The appeal specifically addresses the “educational emergency” created by introducing VAT part-way through an academic year. While fiscal policies change, education operates on rigid, fixed timetables involving examination years, notice periods, and specialist provision. 

“This is an emergency created by educational timing as much as cost,” said Michelle Daniells, CEO of AFIS. “When major financial changes take effect mid-cycle, families’ choices are constrained, and children bear the disruption. We are providing the breathing space families need to plan an orderly transition without harming a child's education.” 

Since AFIS was launched in December last year, the organisation has received a growing volume of enquiries from parents seeking advice and guidance as they face increasing financial pressures following the introduction of VAT on school fees and other sector-wide cost increases, including the removal of business rates relief for independent schools.

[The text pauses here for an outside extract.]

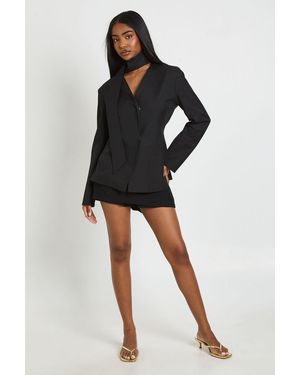 Boohoo Tailored Mini Skort - Black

In some areas, alternative state school places are limited due to oversubscription, reducing families’ ability to move schools at short notice. 

The Scale of Impact 

AFIS research indicates a significant looming disruption for UK families: 

• 15,000 children are estimated to face educational disruption during the 2025/26 academic year due to the new tax.
 • £2,500 per child is the estimated average additional cost borne by families after schools have absorbed what they can.
 • £35–40 million is the total projected first-year financial impact on families in genuine hardship. 

How the Support Works 

To maintain the highest standards of integrity, AFIS is establishing a strategic partnership with an independent bursary administration specialist. 

Targeted Aid: Assistance is strictly means-tested and time-limited to one additional academic year.
Stability First: The fund prioritises children in examination years or those with specialist needs where mid-year exits are most damaging.
Collaborative Funding: AFIS will work with schools to enable coordinated support and, where possible, matched funding through existing bursary schemes. 

The appeal is not a permanent subsidy for private education, but a targeted intervention to address acute hardship during a period of structural transition.